<<<<

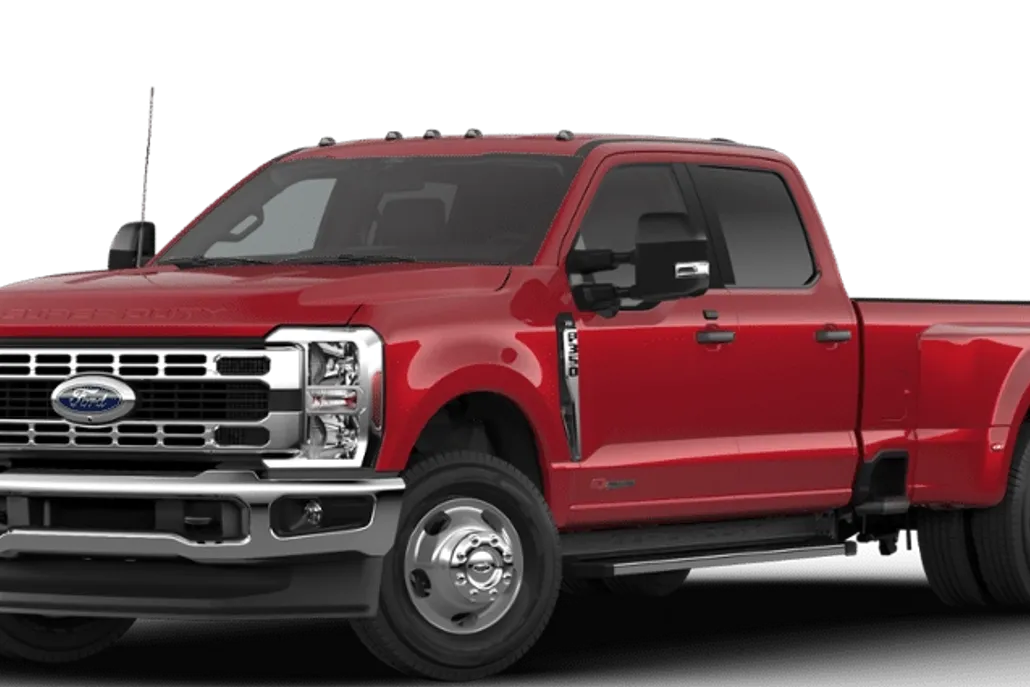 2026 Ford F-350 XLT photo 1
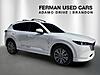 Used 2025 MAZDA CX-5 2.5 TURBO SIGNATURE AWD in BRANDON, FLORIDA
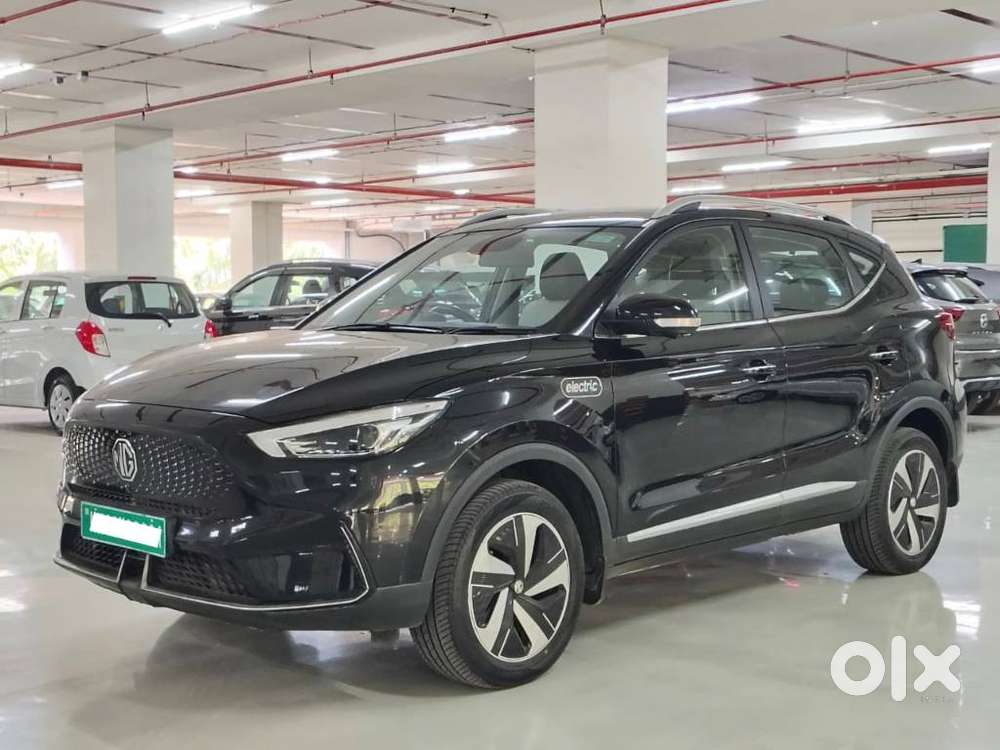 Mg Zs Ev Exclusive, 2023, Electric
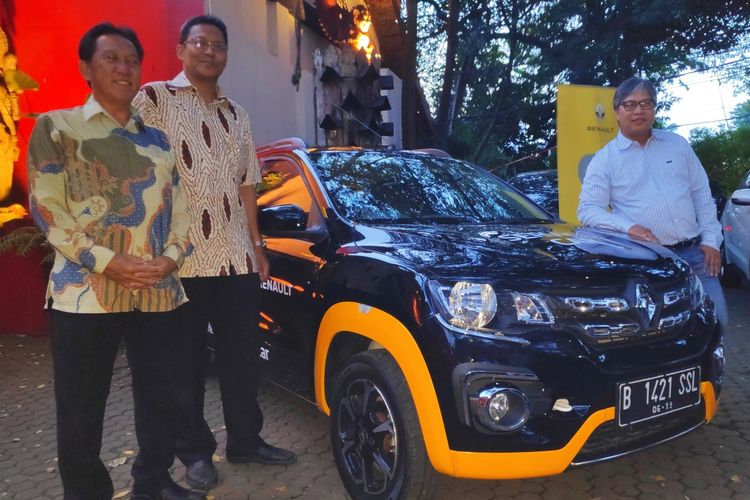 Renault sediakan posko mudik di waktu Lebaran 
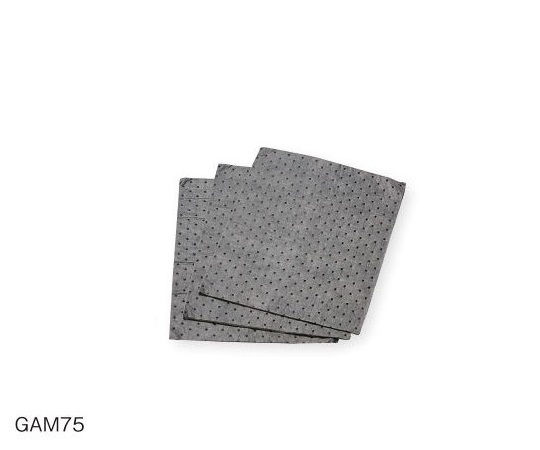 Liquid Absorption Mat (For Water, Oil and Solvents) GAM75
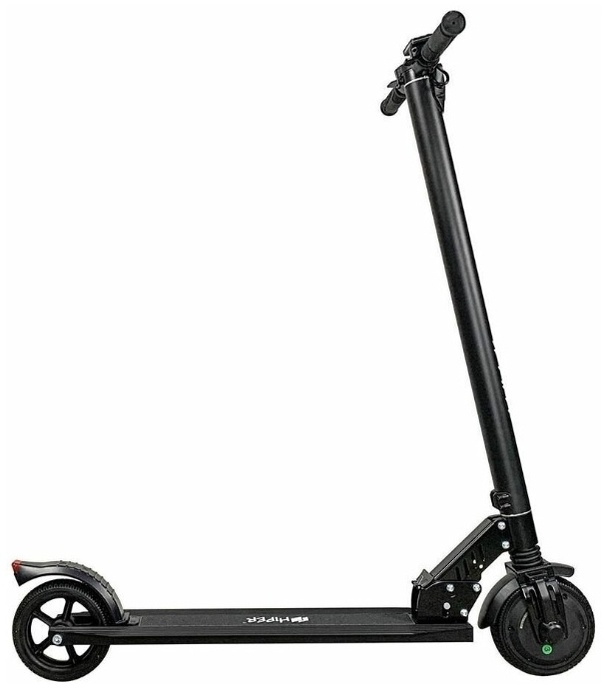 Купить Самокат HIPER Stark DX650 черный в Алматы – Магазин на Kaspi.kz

>>>>
<<<<

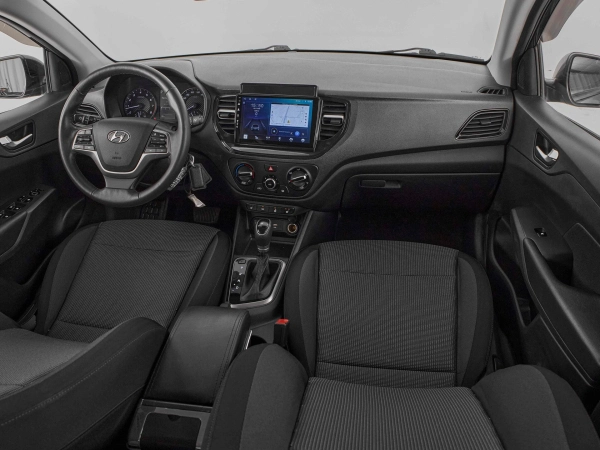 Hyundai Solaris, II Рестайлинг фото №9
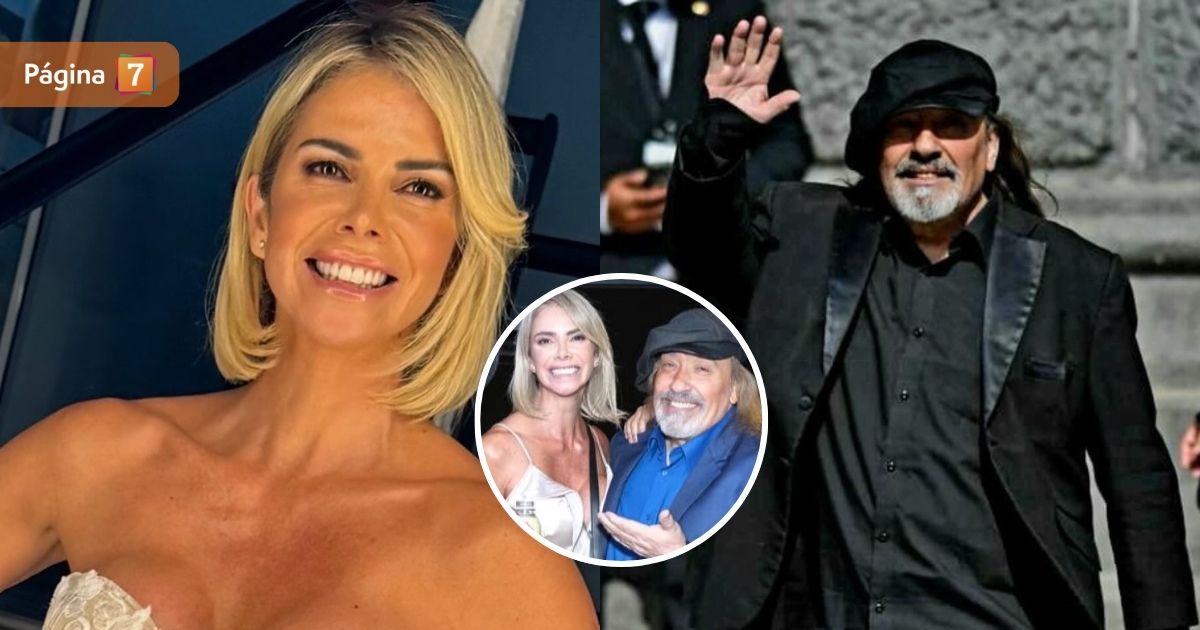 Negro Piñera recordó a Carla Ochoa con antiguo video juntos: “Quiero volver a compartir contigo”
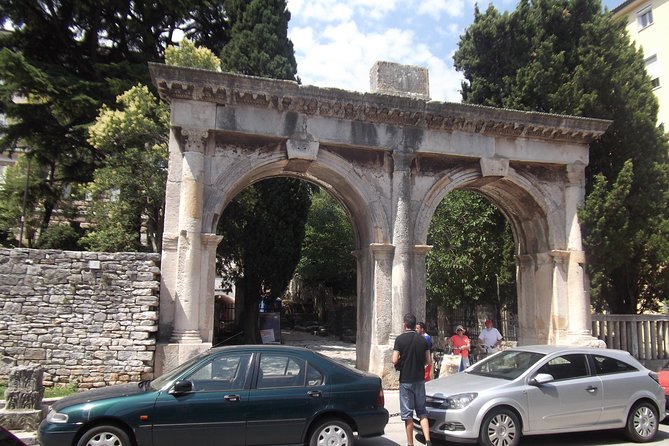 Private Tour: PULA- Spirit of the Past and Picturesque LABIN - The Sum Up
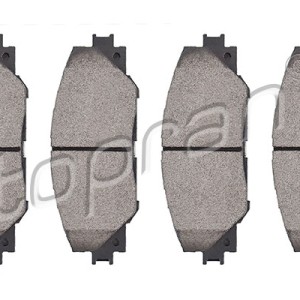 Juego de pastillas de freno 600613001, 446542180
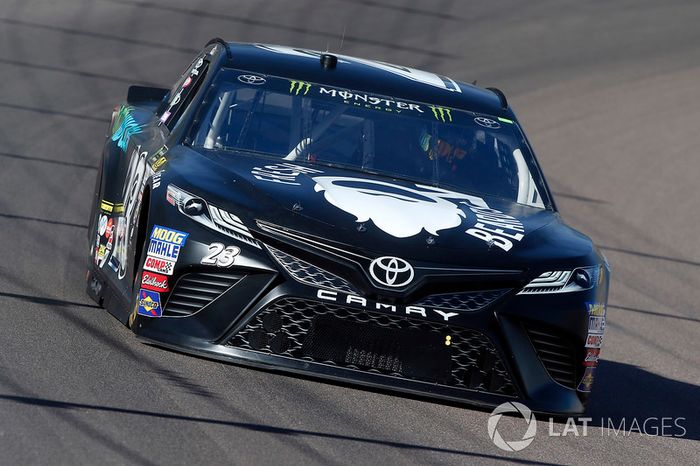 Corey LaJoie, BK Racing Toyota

>>>>

*ABOUT THIS TASK*
Begin at the line in the entries above that has "2026 Ford F-350 XLT photo 1", stop after the line that has "Купить Самокат HIPER", and output exactly those lines without pictures.

*WRITTEN SOLUTION*
 2026 Ford F-350 XLT photo 1
 Used 2025 MAZDA CX-5 2.5 TURBO SIGNATURE AWD in BRANDON, FLORIDA
 Mg Zs Ev Exclusive, 2023, Electric
 Renault sediakan posko mudik di waktu Lebaran 
 Liquid Absorption Mat (For Water, Oil and Solvents) GAM75
 Купить Самокат HIPER Stark DX650 черный в Алматы – Магазин на Kaspi.kz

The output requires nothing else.